In the effort to understand the scope, limitations, meanings, and consequences of the discussions arising from the concepts of sustainable development and ecological sufficiency, this paper highlights opposing or concurring discourses in the context of the power relations that are embedded in such a complex and polemic topic. In Section 2, the notion of sustainable consumption is analyzed and interpreted in terms of its appropriations by different technical and ideological discourses. Section 3 presents ecological sufficiency as a contribution to the idea of a strong sustainable consumption based on individual voluntarism. Amartya Sen’s approach is showcased as a theory which corroborates the practice of voluntary sufficiency, linking it to individual liberties and to the connection between the satisfaction of human needs and environmental sustainability. The discourse of the South American buen vivir movement is another example of initiative in favor of the precepts of ecological sufficiency. Environmental justice is depicted as a field of knowledge that opposes the dominating discourse of ecological modernization, with focus on social and environmental conflicts, as well as on the power relations between North and South. Deep ecology is assessed as a discourse in defense of the intrinsic value and rights of nature. Finally, ecosocialism is presented as an alternative mode of social organization which contributes to the topic at hand by combining the Marxist concept of human emancipation with ecological constraints. Section 4 brings some final remarks.

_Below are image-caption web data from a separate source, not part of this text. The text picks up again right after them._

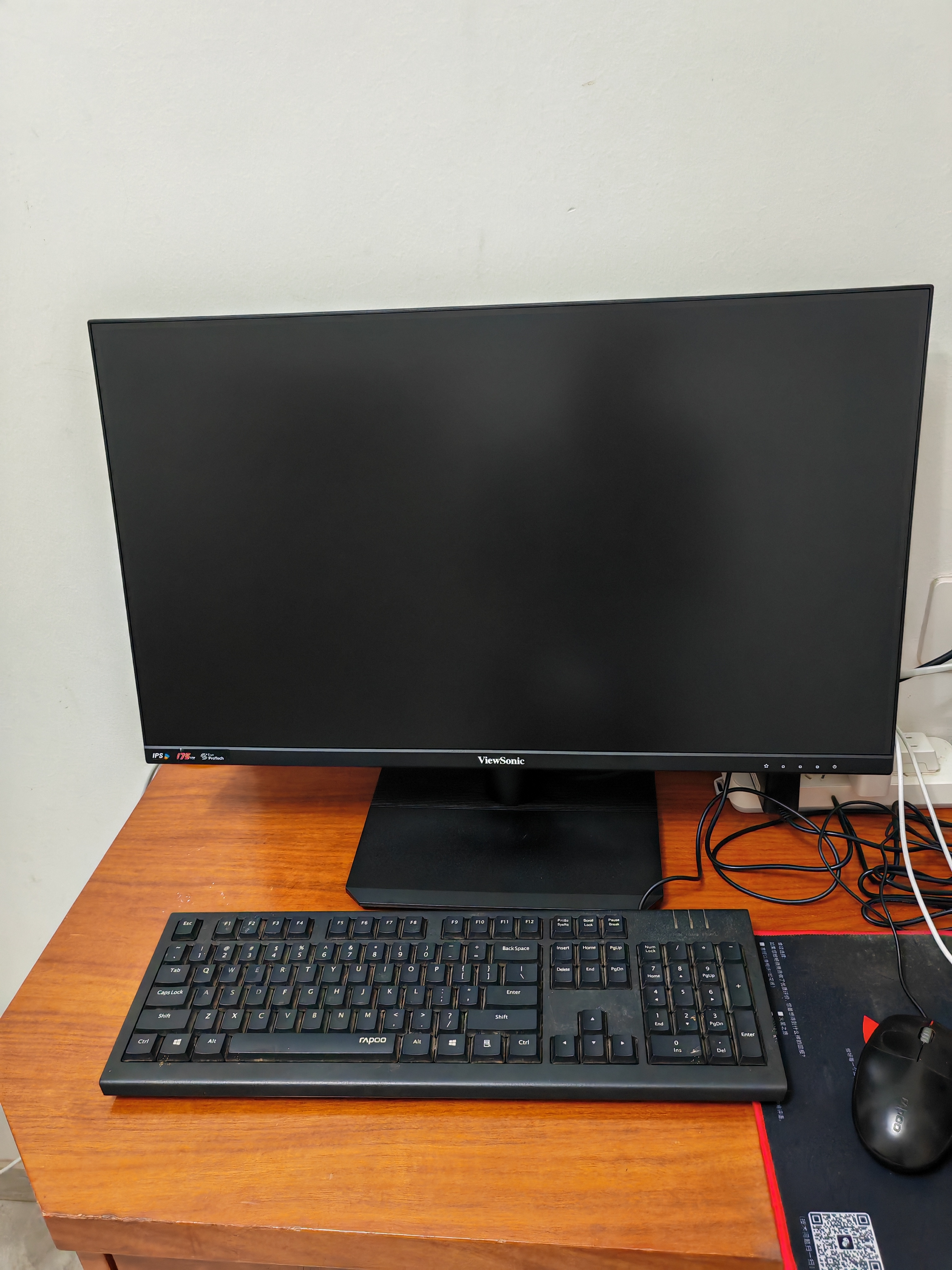 优派27英寸 原生144Hz超频175Hz 电竞显示器 高清IPS面板 硬件低蓝光 HDR电脑游戏办公显示屏 VA27G11 实拍图
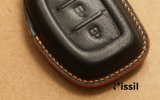 Bao da chìa khóa ô tô Hyundai Tucson, i10, Elantra, Creta - Dòng da Vachetta mix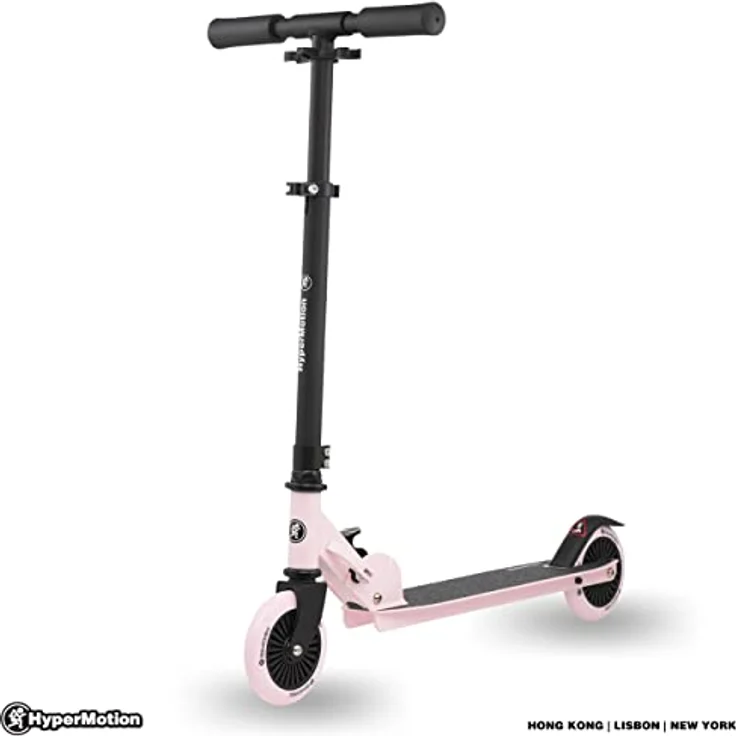 HyperMotion Willy Kinder-Zweirad-Scooter – faltbar, höhenverstellbar, Polyurethan-Räder, rosa – Bild 10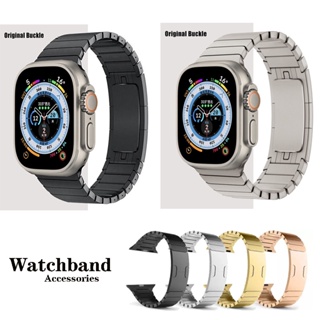 สายนาฬิกาข้อมือ โลหะสเตนเลส สําหรับ Apple Watch Band iwatch Ultra 49 มม. 42 มม. 44 มม. 41 มม. 45 มม. 38 มม. 40 มม.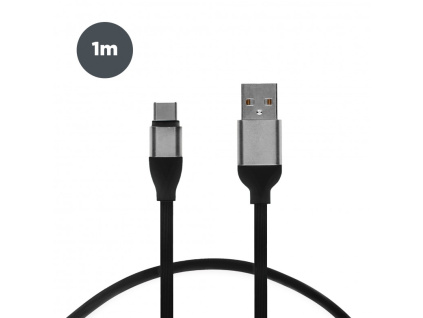 usb a to usb c contact 20 w charge and data cable fast charge 1 m black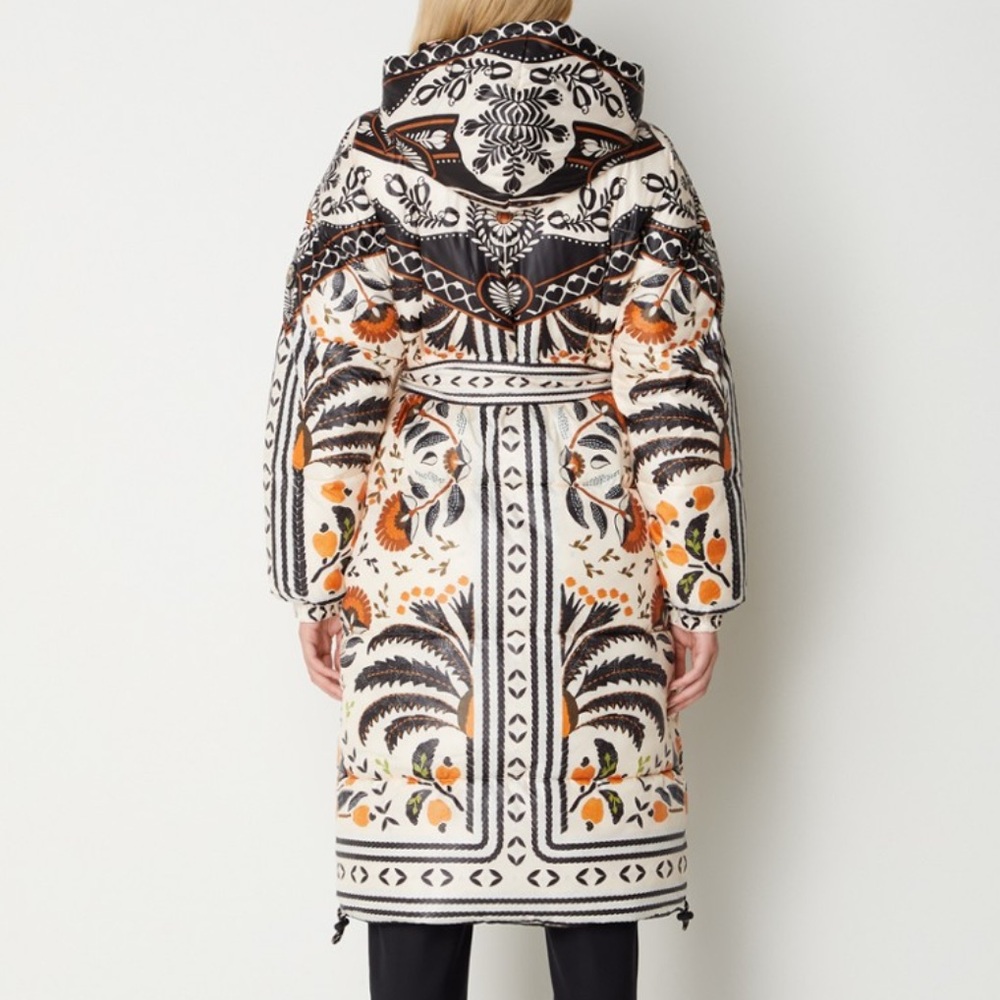 Farm Rio Palms Paradise Sand Reversible Puffer Jacket - Picture 4 of 8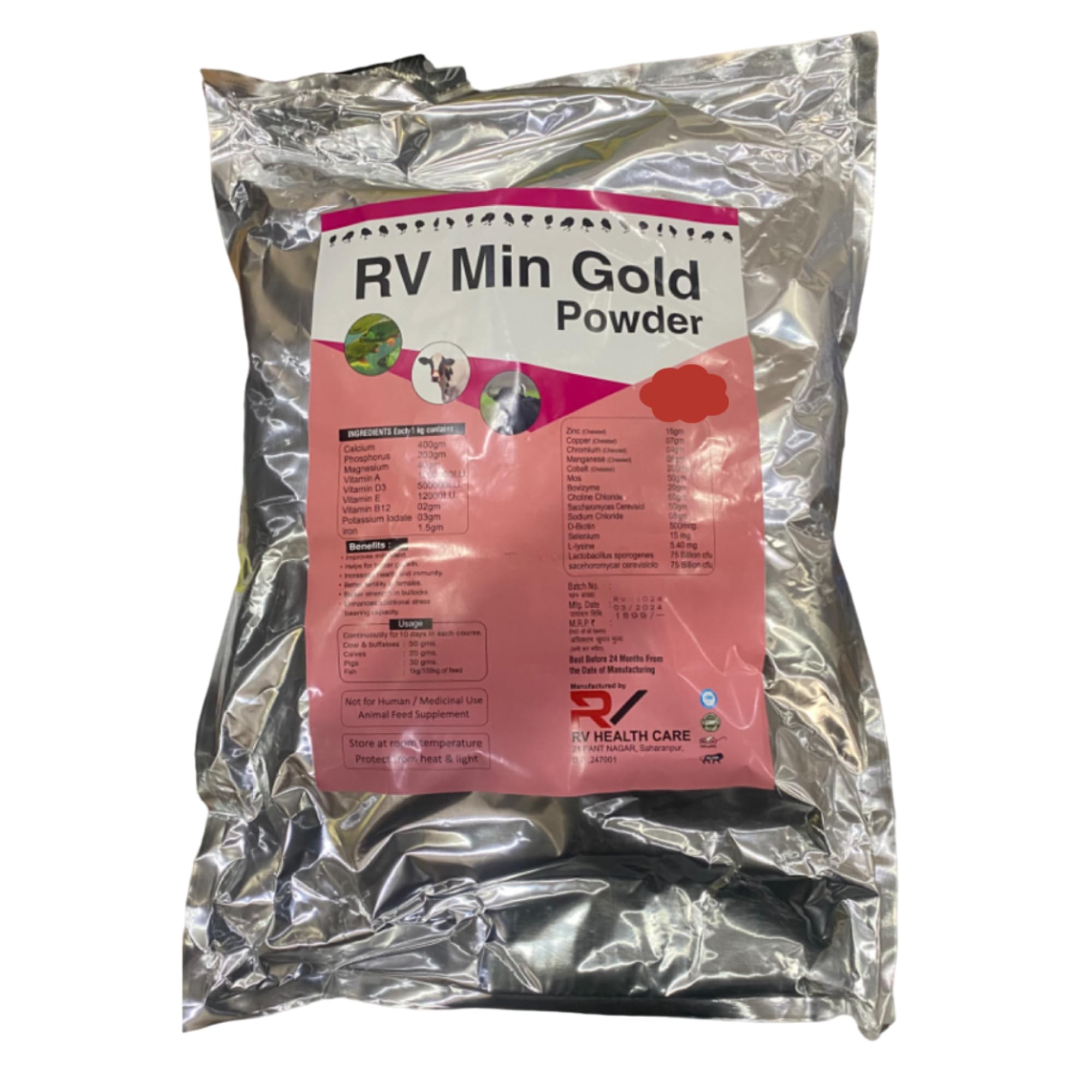 RV-MINGOLD Powder Mmc 2 Kg, Mineral Mixture for Cow, Buffalo,Sheep,Goat and Other Diary and Farm Animals, Powder, Milk, All Life Stages (B0D27D2XK8) Amazon Price History, Amazon Price Tracker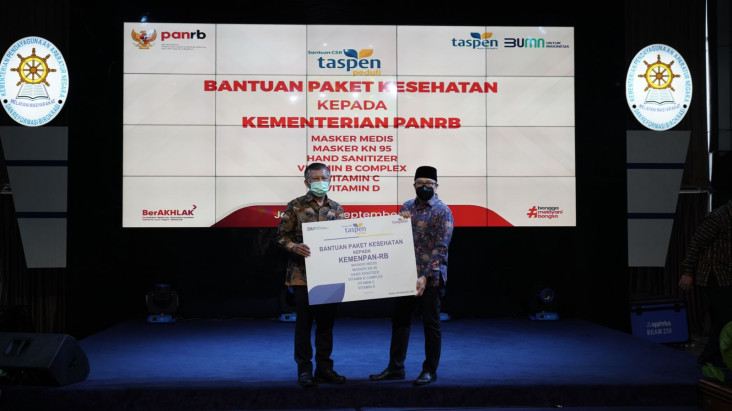 Taspen Salurkan Bantuan...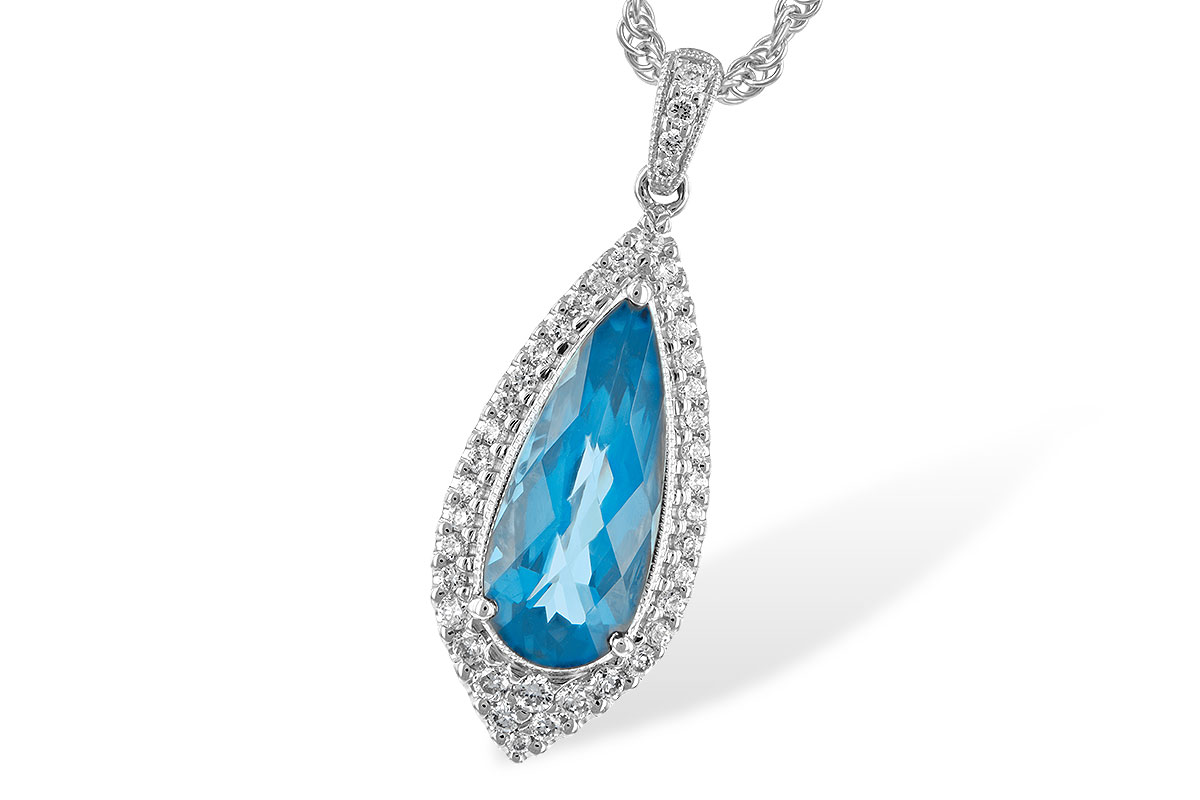 A234-67025: NECK 2.40 BLUE TOPAZ 2.65 TGW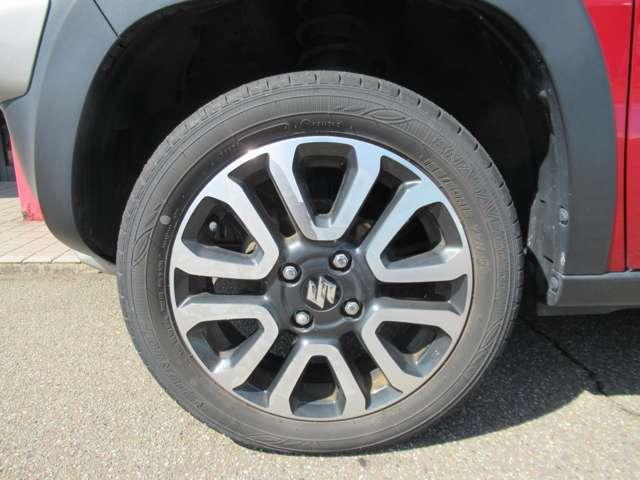 ハスラー Ｊ　ディスチャージライト　メモリーナビ　フルセグテレビ　Ｂｌｕｅｔｏｏｔｈオーディオ　ＤＶＤ再生可　純正１５インチアルミ　左右シートヒーター　スマートキー　プッシュスタート　衝突被害軽減システム（7枚目）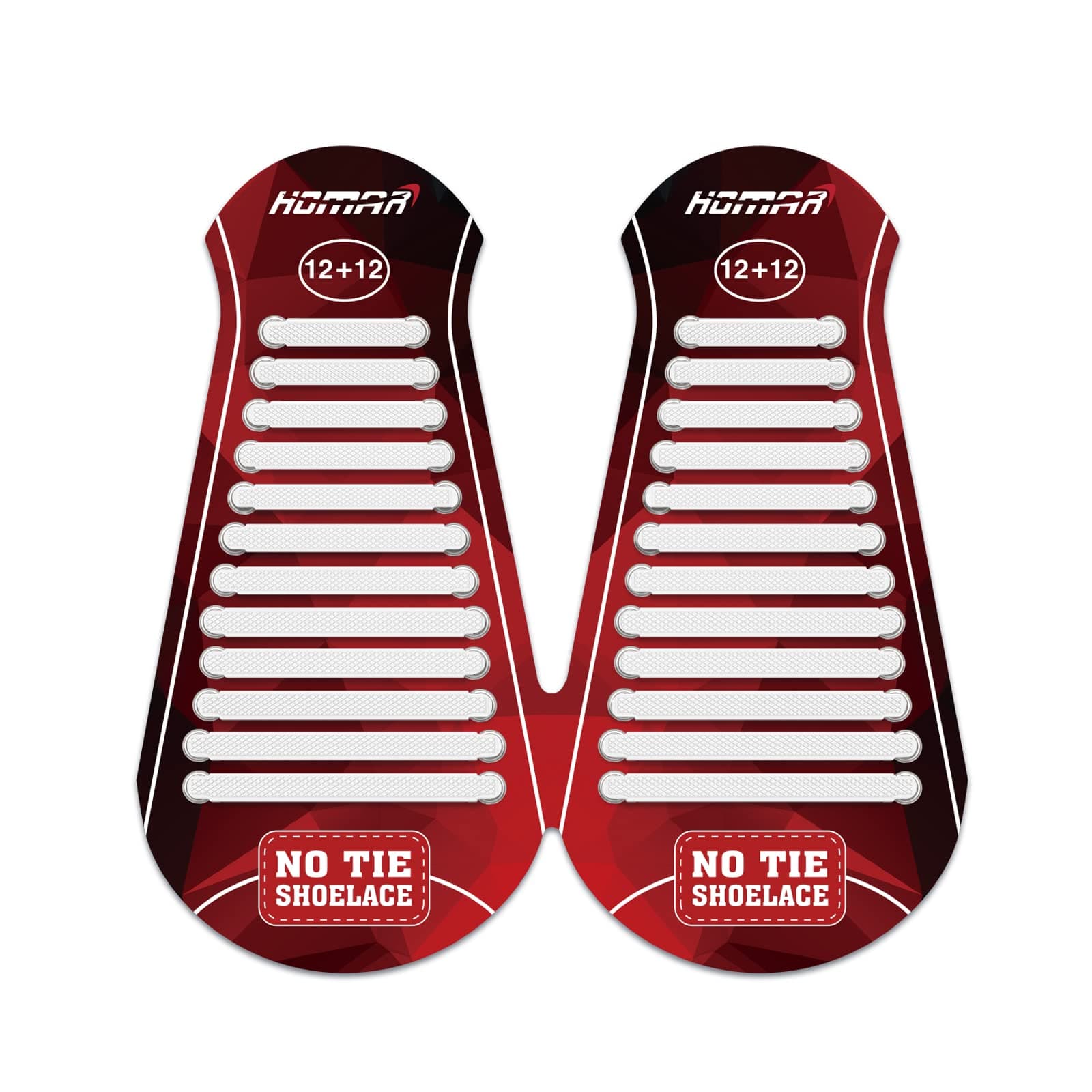 HOMAR No Tie Silicone Shoe Laces Elastic Strech Tiless Rubber Laces with 12 Colors for Kids Adults Trainers Waterproof Flat No Tie Shoelaces for Sneakers Board Shoes Casual Shoes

Discourses on Sustainable Consumption

The Brazilian Ministry of Environment defines sustainable consumption as:

the use of goods and services that meets basic needs and allows for a better quality of life, while minimizing the use of natural resources and toxic materials, waste generation, and the emission of pollutants throughout the life-cycle of the good or service, so as not to endanger the needs of future generations (BRASIL, 2011, p. 6, translated by the author).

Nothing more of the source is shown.